Food wise I've gone a different route. I'm avoiding my usual habits. I'm still not eating breakfast (which is a stupid Idea, I know.) But on another note I'm not eating 102384 pieces of candy, or potato chips, or any of that garbage. I've begun to eat lunch (which is where I do most of my carb load which is around 33g a day.) And dinner is a bit more conservative. I try to avoid high carb bits, and so far so good.
I've followed this up with exercise, a LOT more than I've done in the past. I do more around the house, I've cut back gaming, I do 75 crunches a night, and I'm gonna begin running more this week (using works Gym of course.)
What this means for me so far. This week I've lost 7 pounds but bare this in mind. I haven't really tried exercise wise, I've got a lot more to figure out food wise and I need to keep on water.
The Reason For This Blog
Motivation, understanding, and knowledge.
I'm hoping that by mapping out my road and path. By allowing others to comment, and by letting people see this. I'll find the help I need, people will find out that they can do this sort of thing too. And.. Well, support from friends and family is a good thing now and again.
I'll also be linking my friend Bunny too. She'll have more info about what she's hoping to achieve but by sharing in a common goal, supporting each other, and just being there. We want to accomplish something.
Thanks everyone who does read this. Feel Free to pass this all around. to anyone you feel like.
Cire
There's a lot of links that I save on my Facebook that pertains to a lot of this. Especially if you're wanting to eat healthier, I can help on that. I worked at a home where there were diabetics, high blood pressure and cholesterol, so they were on a SPECIFIC diet.
ReplyDeleteSoda accounts for a LOT of calories in your daily intake. Bored of water? Try drinking green tea or flavored water. There's a lot of things you can add to it and it'll still be 0 calories.
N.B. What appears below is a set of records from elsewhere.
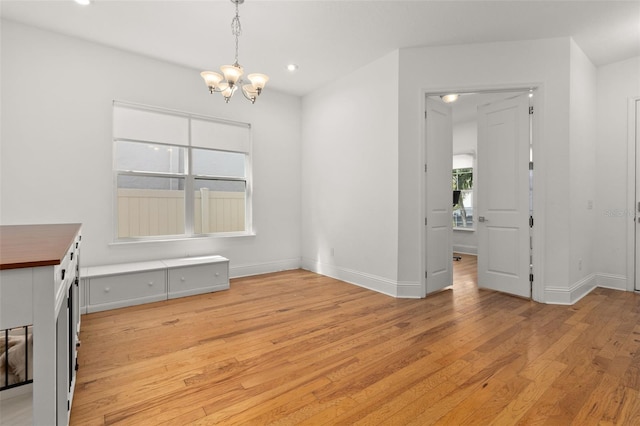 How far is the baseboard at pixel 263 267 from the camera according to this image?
15.5 ft

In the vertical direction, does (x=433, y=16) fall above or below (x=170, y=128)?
above

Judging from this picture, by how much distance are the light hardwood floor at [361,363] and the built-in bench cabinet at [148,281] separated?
17 cm

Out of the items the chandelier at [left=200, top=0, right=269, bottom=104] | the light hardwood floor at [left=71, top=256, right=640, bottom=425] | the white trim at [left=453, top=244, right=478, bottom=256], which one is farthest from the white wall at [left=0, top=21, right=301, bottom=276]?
the white trim at [left=453, top=244, right=478, bottom=256]

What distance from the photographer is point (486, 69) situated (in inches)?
141

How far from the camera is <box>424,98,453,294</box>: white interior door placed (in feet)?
12.6

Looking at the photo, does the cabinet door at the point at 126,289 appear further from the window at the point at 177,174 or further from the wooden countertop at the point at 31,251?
the wooden countertop at the point at 31,251

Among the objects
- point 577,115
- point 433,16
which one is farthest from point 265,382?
point 577,115

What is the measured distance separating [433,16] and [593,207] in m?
3.26

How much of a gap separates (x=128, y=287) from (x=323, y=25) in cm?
349

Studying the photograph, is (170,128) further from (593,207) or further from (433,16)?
(593,207)

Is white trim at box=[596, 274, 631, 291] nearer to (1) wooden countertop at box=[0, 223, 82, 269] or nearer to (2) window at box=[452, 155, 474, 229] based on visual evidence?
(2) window at box=[452, 155, 474, 229]

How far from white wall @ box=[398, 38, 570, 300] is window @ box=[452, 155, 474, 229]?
3.98 m

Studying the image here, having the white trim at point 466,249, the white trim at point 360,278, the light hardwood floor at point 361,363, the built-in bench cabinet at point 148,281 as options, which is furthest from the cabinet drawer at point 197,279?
the white trim at point 466,249

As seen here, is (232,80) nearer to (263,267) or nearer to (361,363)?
(361,363) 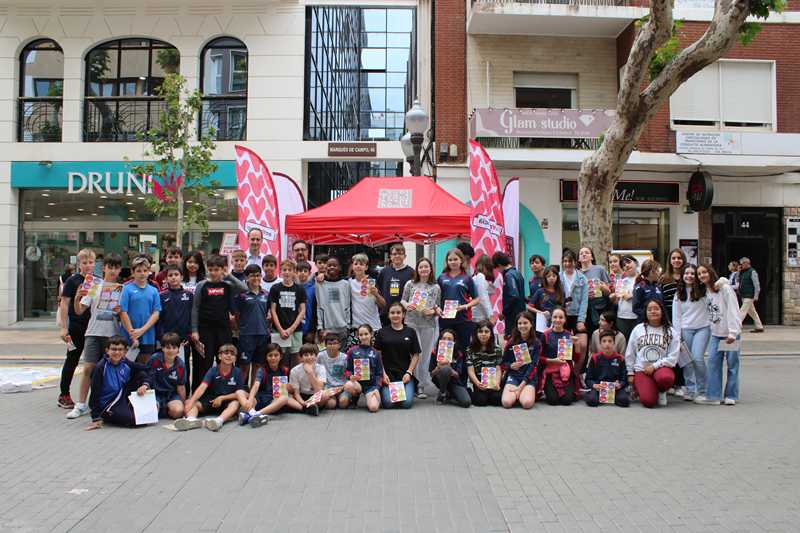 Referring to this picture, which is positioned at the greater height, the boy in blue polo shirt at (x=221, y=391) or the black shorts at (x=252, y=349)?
the black shorts at (x=252, y=349)

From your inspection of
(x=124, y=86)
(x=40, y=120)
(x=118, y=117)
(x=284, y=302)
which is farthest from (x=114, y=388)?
(x=40, y=120)

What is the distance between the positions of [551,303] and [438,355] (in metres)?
1.97

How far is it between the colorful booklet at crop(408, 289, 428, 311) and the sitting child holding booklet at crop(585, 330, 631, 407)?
229 centimetres

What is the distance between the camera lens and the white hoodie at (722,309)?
777 cm

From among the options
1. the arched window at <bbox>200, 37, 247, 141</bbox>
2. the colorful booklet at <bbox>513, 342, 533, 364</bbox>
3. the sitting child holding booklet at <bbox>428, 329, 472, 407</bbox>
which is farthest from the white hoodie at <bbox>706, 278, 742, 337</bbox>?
the arched window at <bbox>200, 37, 247, 141</bbox>

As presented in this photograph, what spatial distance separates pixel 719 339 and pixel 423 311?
12.4 feet

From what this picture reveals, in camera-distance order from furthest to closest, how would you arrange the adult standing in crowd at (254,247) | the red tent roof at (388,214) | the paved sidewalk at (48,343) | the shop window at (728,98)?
the shop window at (728,98)
the paved sidewalk at (48,343)
the red tent roof at (388,214)
the adult standing in crowd at (254,247)

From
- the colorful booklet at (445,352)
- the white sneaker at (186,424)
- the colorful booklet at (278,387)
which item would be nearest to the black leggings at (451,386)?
the colorful booklet at (445,352)

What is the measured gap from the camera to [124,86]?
18.1m

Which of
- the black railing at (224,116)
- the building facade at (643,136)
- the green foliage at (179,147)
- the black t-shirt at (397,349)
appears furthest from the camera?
the black railing at (224,116)

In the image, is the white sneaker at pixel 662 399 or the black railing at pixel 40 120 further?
the black railing at pixel 40 120

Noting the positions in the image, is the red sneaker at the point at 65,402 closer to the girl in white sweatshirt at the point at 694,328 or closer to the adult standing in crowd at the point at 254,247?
the adult standing in crowd at the point at 254,247

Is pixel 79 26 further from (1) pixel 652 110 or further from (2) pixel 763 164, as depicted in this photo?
(2) pixel 763 164

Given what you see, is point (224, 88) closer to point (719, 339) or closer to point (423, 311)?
point (423, 311) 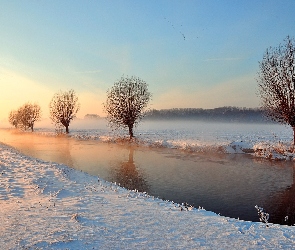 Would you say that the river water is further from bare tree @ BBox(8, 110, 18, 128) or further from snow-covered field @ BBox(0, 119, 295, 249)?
bare tree @ BBox(8, 110, 18, 128)

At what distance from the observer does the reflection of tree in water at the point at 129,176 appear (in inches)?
661

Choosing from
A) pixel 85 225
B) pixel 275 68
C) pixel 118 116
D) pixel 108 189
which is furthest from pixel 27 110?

I feel your pain - I've been there. When I finished college a few years ago, I really let myself go and put on so much weight. It made me feel really self-conscious and I avoided doing things and wearing certain clothes because I basically felt fat and really uncomfortable in myself.
ReplyDeleteAbout May last year, I decided that it had to stop and things had to change and since then I've started eating healthily - still not excercising as much as I should but I'm trying to - but since starting, I've shed about a stone and a half and I feel so much more confident in myself for it. People have commented on the weight I've lost and it makes me feel like I've acheived something.
One of the main things that have helped me is my food diary (Yay for MSExcel!!). Everyday I record what I eat and drink and how many calories I've had - it helps me keep track of good days and bad days. I give myself the weekends off for good behaviour because I would just go stir crazy otherwise - besides, they say your body adjusts how many calories it uses based on your average intake so I figure a weekend of higher calorie intake will confuse the body!
I wish you lots of luck and will be backing you all the way. X
Thank you both of you.
ReplyDelete@Steph: Yeah. I'm not that worried about calories at the moment. It's more or less the sugar. I wanna lose a good bit of weight before I really worry about that stuff and for me the best way of doing it has always been to watch carb-o-loading. I should be good in time though. I'll prob come for advice later.
@Rae: I'd appreciate any advice you have. As far as the support goes, I really appreciate it. Thank you darling <3 I may keep a food journal.